Now, to find cos(π/12), we can use the unit circle or a calculator. By evaluating cos(π/12), we find that it is approximately 0.9659258263.
Substituting this value into the expression for cos(x/2), we have:
cos(x/2) = ±√(1+0.9659258263)/2
Simplifying further:
cos(x/2) = ±√(1.9659258263)/2
cos(x/2) = ±√0.9829629131
cos(x/2) = ±0.99145
Next, let's find sin(x/2) using the identity sin(x/2) = ±√(1-cosx)/2. Substituting x = -π/6, we have:
sin(-π/12) = ±√(1-cos(-π/6))/2
Again, using the fact that sin is an odd function, sin(-θ) = -sin(θ), we can rewrite sin(-π/12) as -sin(π/12).
To find sin(π/12), we can use the unit circle or a calculator. By evaluating sin(π/12), we find that it is approximately 0.2588190451.

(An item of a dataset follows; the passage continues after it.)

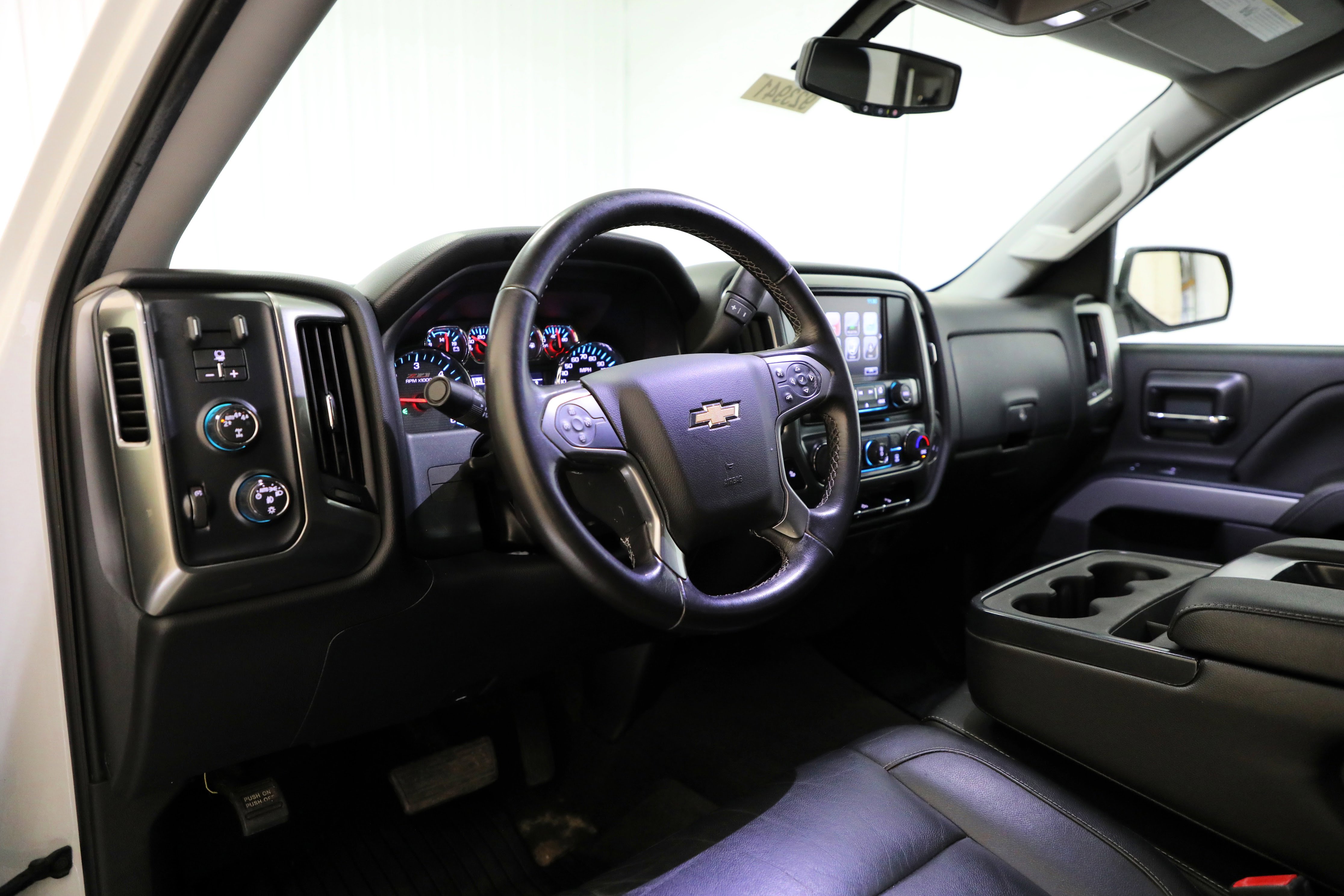 Used 2018 Chevrolet Silverado 1500 LT w/ All Star Edition image 10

Substituting this value into the expression for sin(x/2), we have:
sin(x/2) = ±√(1-0.9659258263)/2
Simplifying further:
sin(x/2) = ±√(1-0.9659258263)/2
sin(x/2) = ±√0.0340741737
sin(x/2) = ±0.18408
Finally, we can find 2cos(x/2)sin(x/2) by multiplying the expressions for cos(x/2) and sin(x/2):
2cos(x/2)sin(x/2) = 2 * 0.99145 * 0.18408
Evaluating this expression gives approximately 0.3649824.
Therefore, 2cos(x/2)sin(x/2) when x = -π/6 is approximately 0.3649824.